### INFORMATION SHOWN

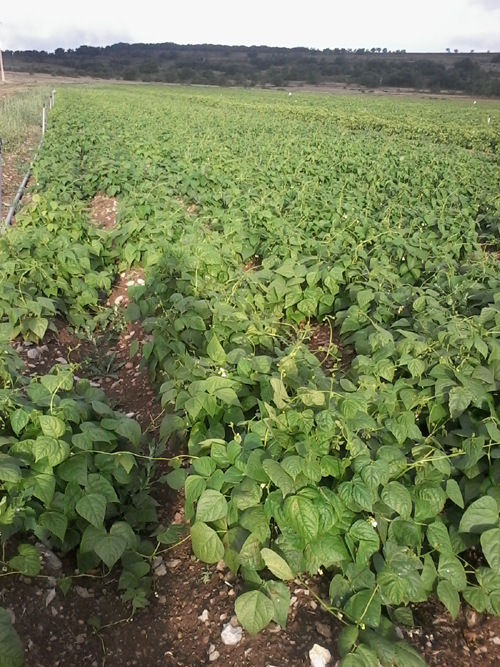Campos de alubia floreciendo
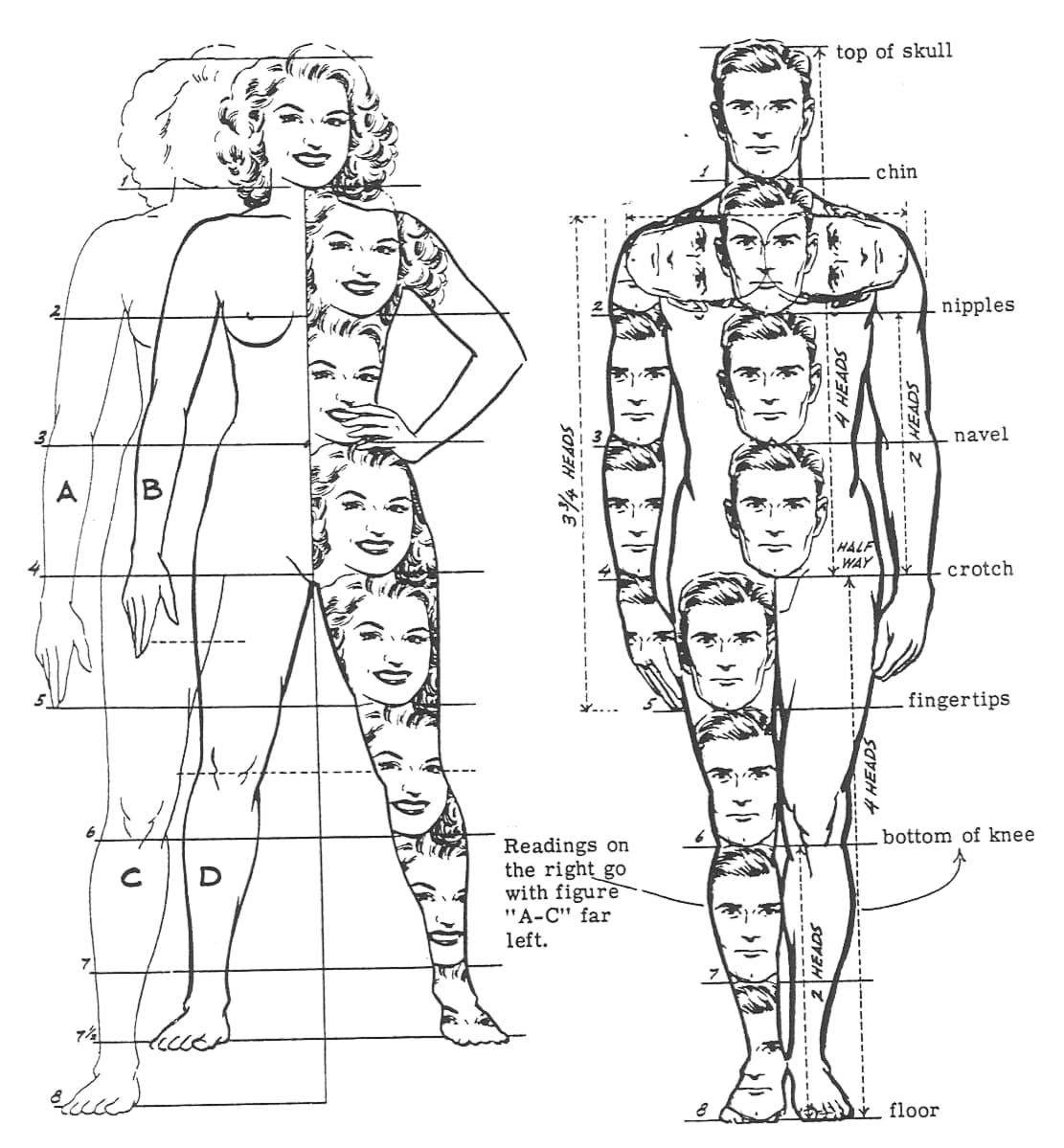 Пропорции головы и тела человека
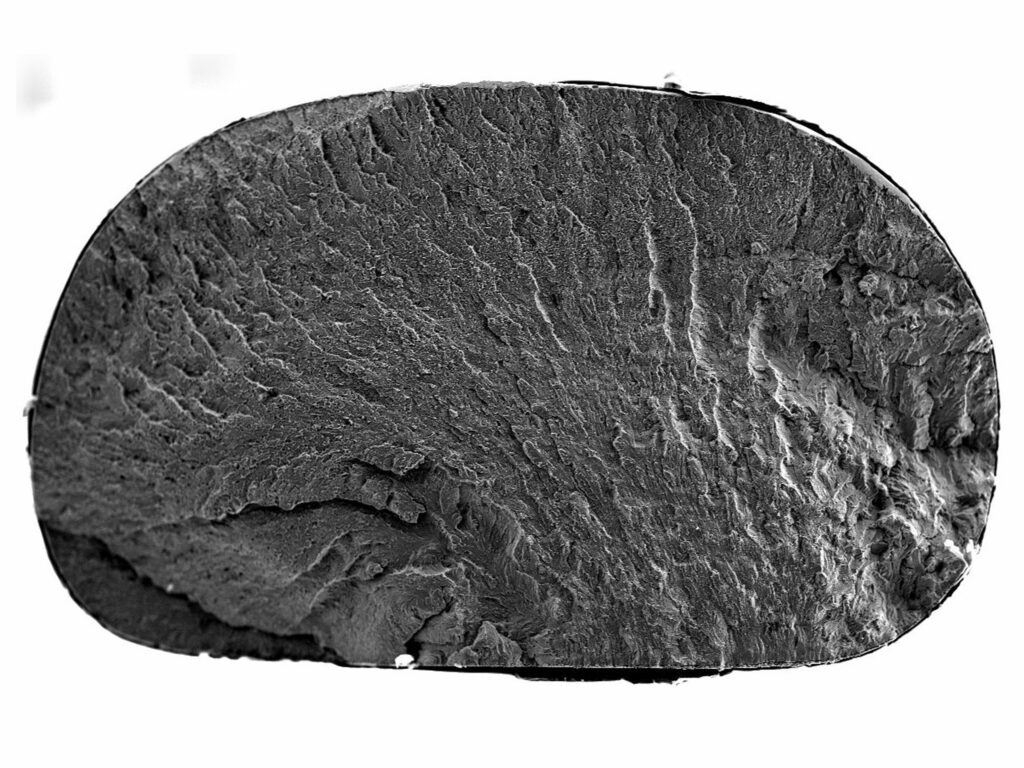 Close-up view of a textured mineral sample, showcasing intricate layered patterns in monochrome. Relevant for geological analysis and study.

######

_ASSIGNMENT_
Give again, exactly, each line from the one that contains "Пропорции головы и тела человека" through the last line of the material above. Pictures do not belong in the copy.

_RESPONSE FOR THIS EXERCISE_
 Пропорции головы и тела человека
 Close-up view of a textured mineral sample, showcasing intricate layered patterns in monochrome. Relevant for geological analysis and study.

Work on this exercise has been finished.